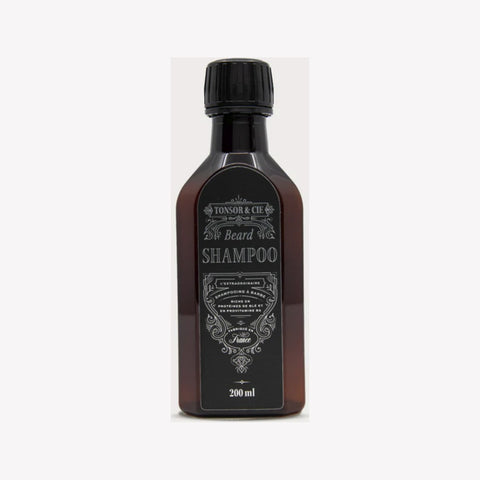 Tonsor & Cie Baardshampoo - vooraanzicht amberkleurige fles met zwart etiket, 200 ml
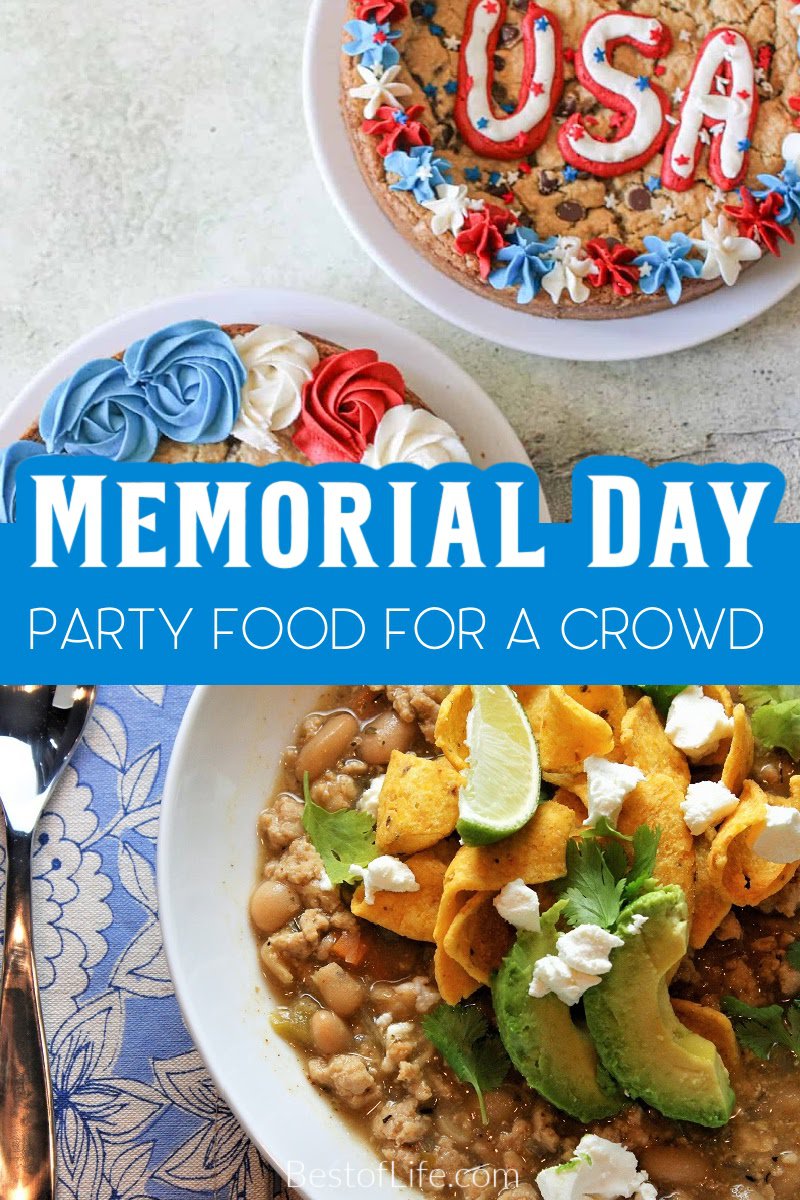 Want to plan the best summer kick-off party with delicious Memorial Day party food for a crowd? We have you covered with the perfect recipes! Memorial Day Recipes | Memorial Day Party Recipes | Summer BBQ Recipes | Summer Party Ideas | Ideas for Memorial Day | Patriotic Recipes for a Crowd | Patriotic Recipe Ideas | Memorial Day Desserts | Summer Party Food | Party Food Ideas | Party Food Recipes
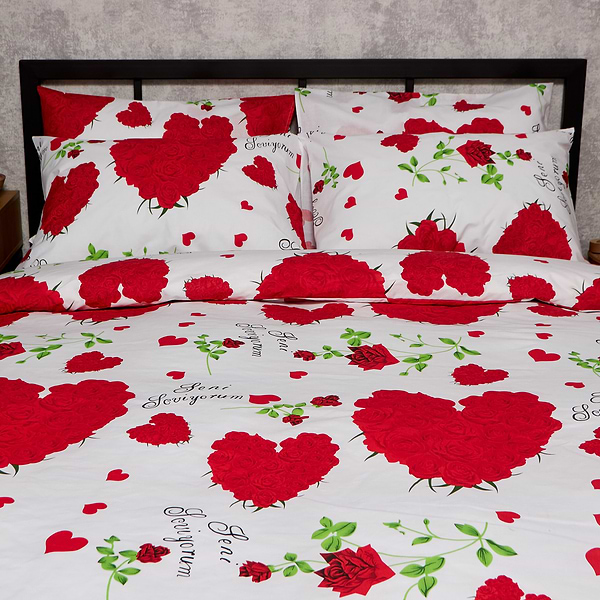 Фото - Комплект постільної білизни Moon&Star Бязь Gold Люкс Scarlet Romance 143х210 (MS-820009780)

The task = Print only the lines running from the line that contains "Want to plan" to the final line of the listing, both included. Omit every picture.

Response area =
 Want to plan the best summer kick-off party with delicious Memorial Day party food for a crowd? We have you covered with the perfect recipes! Memorial Day Recipes | Memorial Day Party Recipes | Summer BBQ Recipes | Summer Party Ideas | Ideas for Memorial Day | Patriotic Recipes for a Crowd | Patriotic Recipe Ideas | Memorial Day Desserts | Summer Party Food | Party Food Ideas | Party Food Recipes
 Фото - Комплект постільної білизни Moon&Star Бязь Gold Люкс Scarlet Romance 143х210 (MS-820009780)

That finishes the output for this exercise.